Modern para teorisine göre para devlet tarafından yaratılmakta ve yok edilmektedir. Paranın yaratımında devletin hesap birimi belirleme ve vergi koyma erki önemlidir. Devlet vatandaşlarını vergi ödemekle yükümlü kılmak ve bu yükümlülüklerin tahsilinde kendi belirlediği hesap biriminin kullanılacağını ilan etmek suretiyle para yaratabilir hale gelmektedir.
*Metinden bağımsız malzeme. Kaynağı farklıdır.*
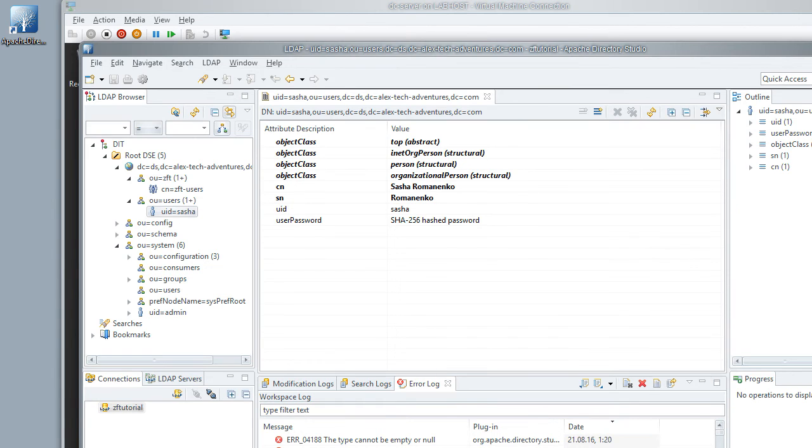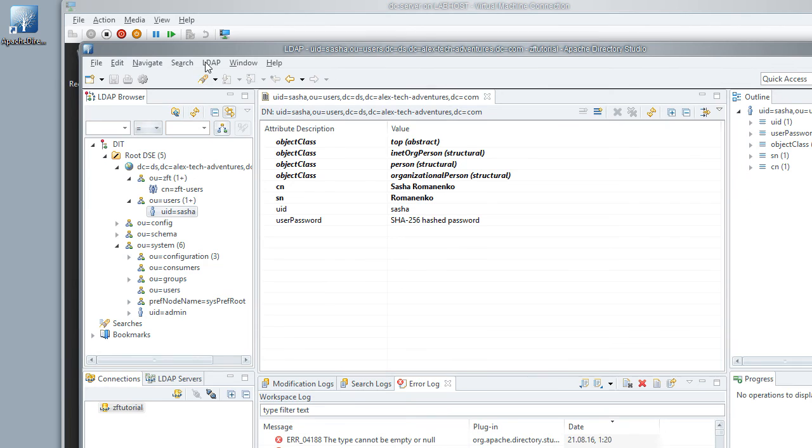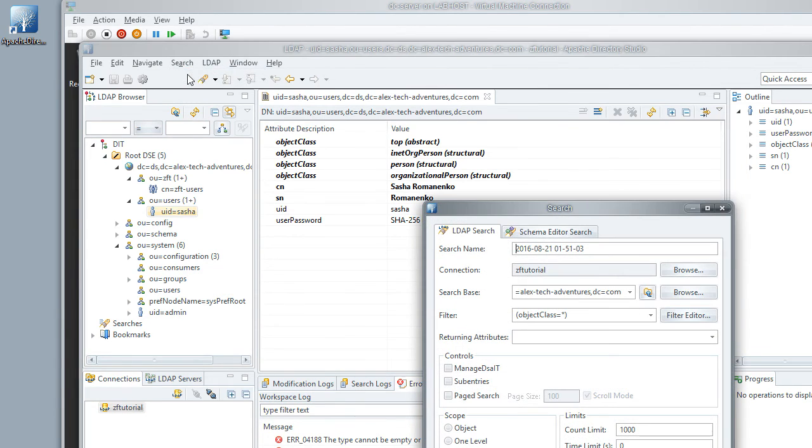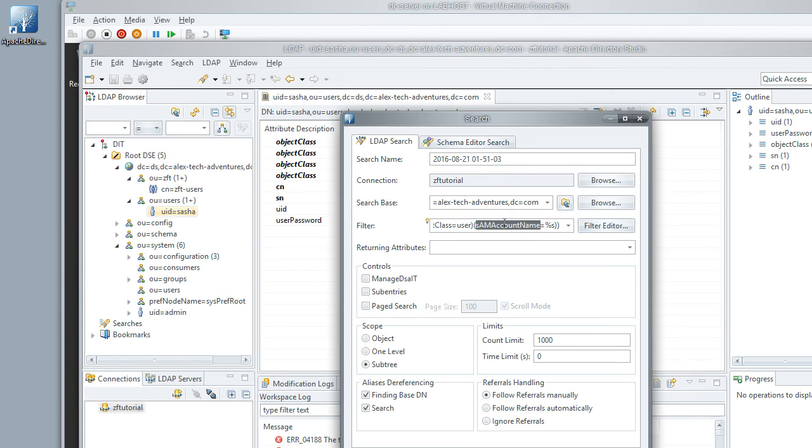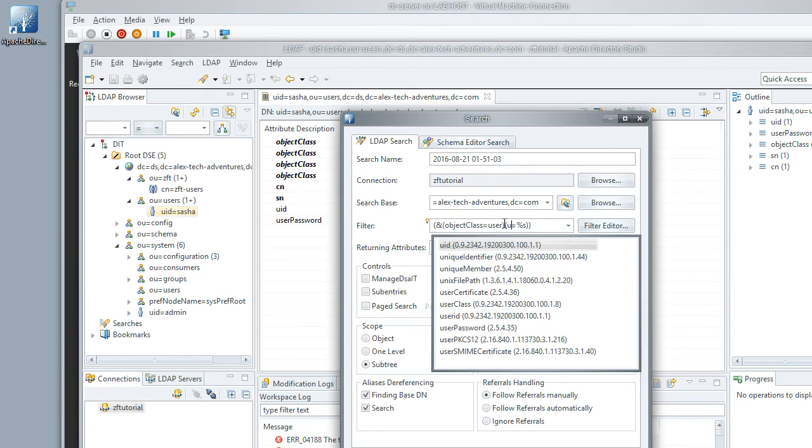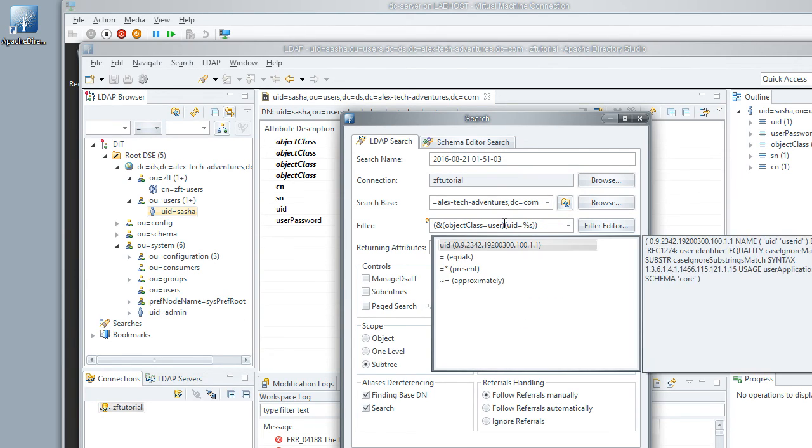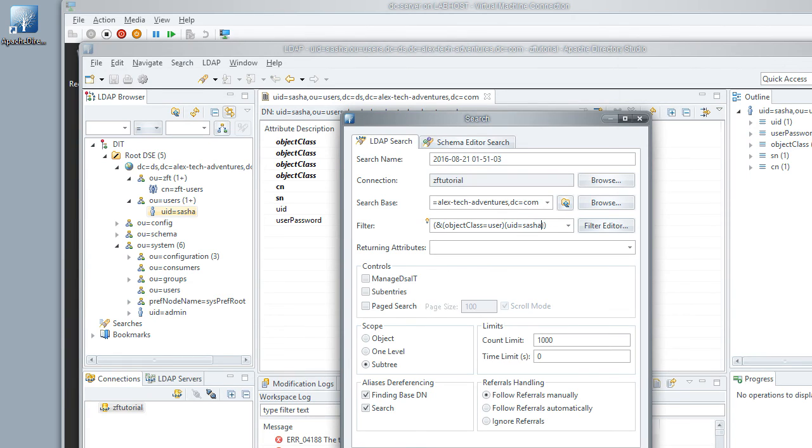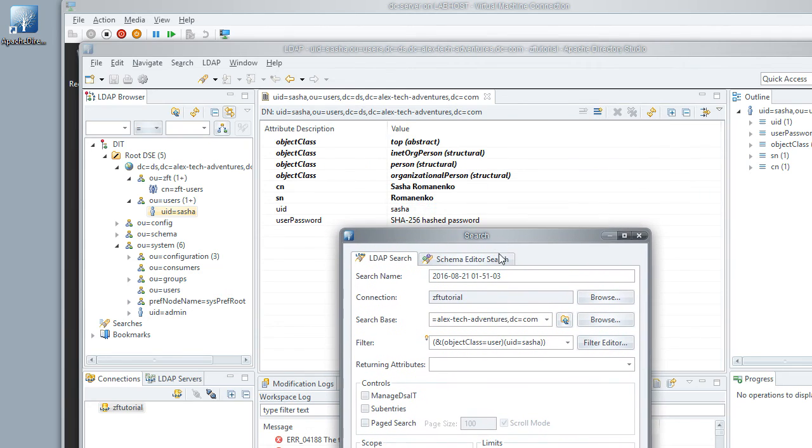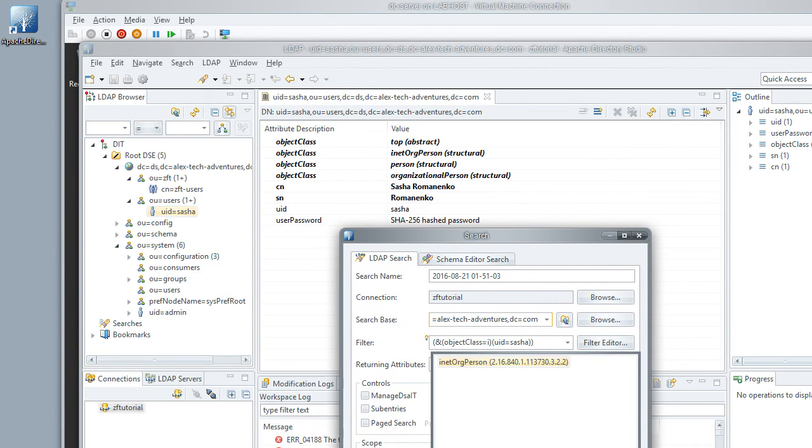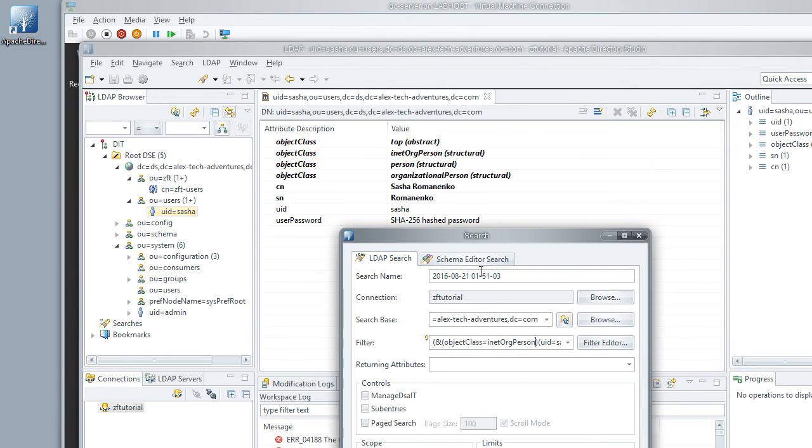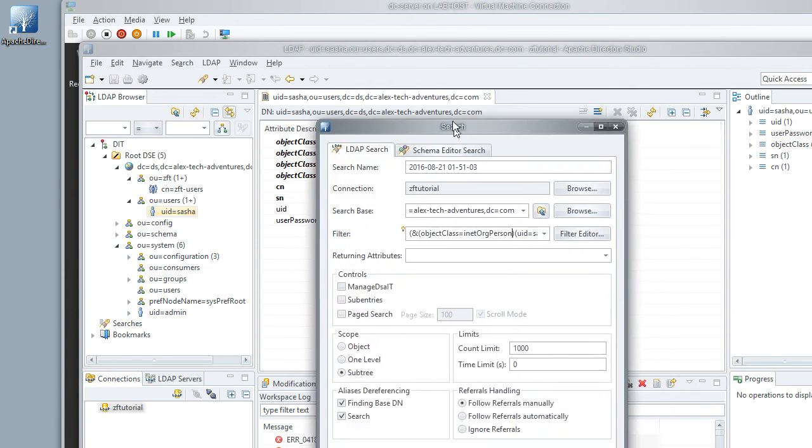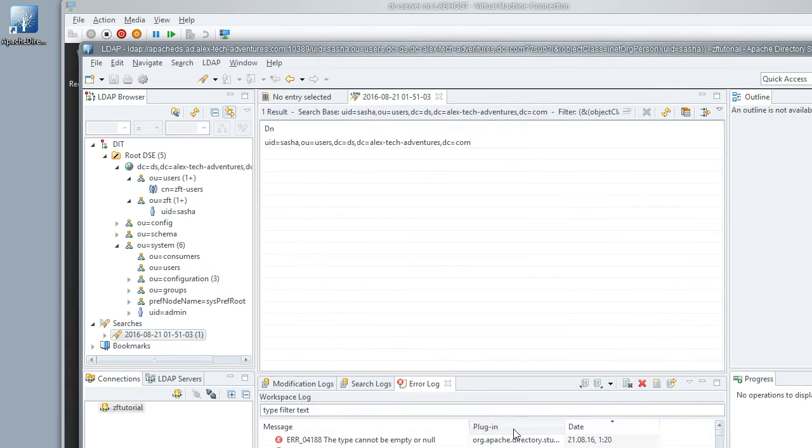Now we picked different set of fields from the Apache DS, because it had different schema. And so our search is going to be slightly different, but not a whole lot different. We're going to go to search. And for filter, instead of SAM account name, we will put our UID. And for object class, it's going to be iNetOrgPerson. Do search there. And we got our user returned.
Devletin koyduğu yükümlülükler bir bakıma vatandaşları bu yükümlülükleri yerine getirebilmeleri için devlete mal ve/veya hizmet satmaya mecbur bırakacaktır. Bu mecburiyet devlet parasına talebi oluşturur. Devletler aynı zamanda vatandaşların devlet parasını elde etmeleri için gereken çabayı belirlemek suretiyle yarattığı paranın değerini de belirleyebilmektedir.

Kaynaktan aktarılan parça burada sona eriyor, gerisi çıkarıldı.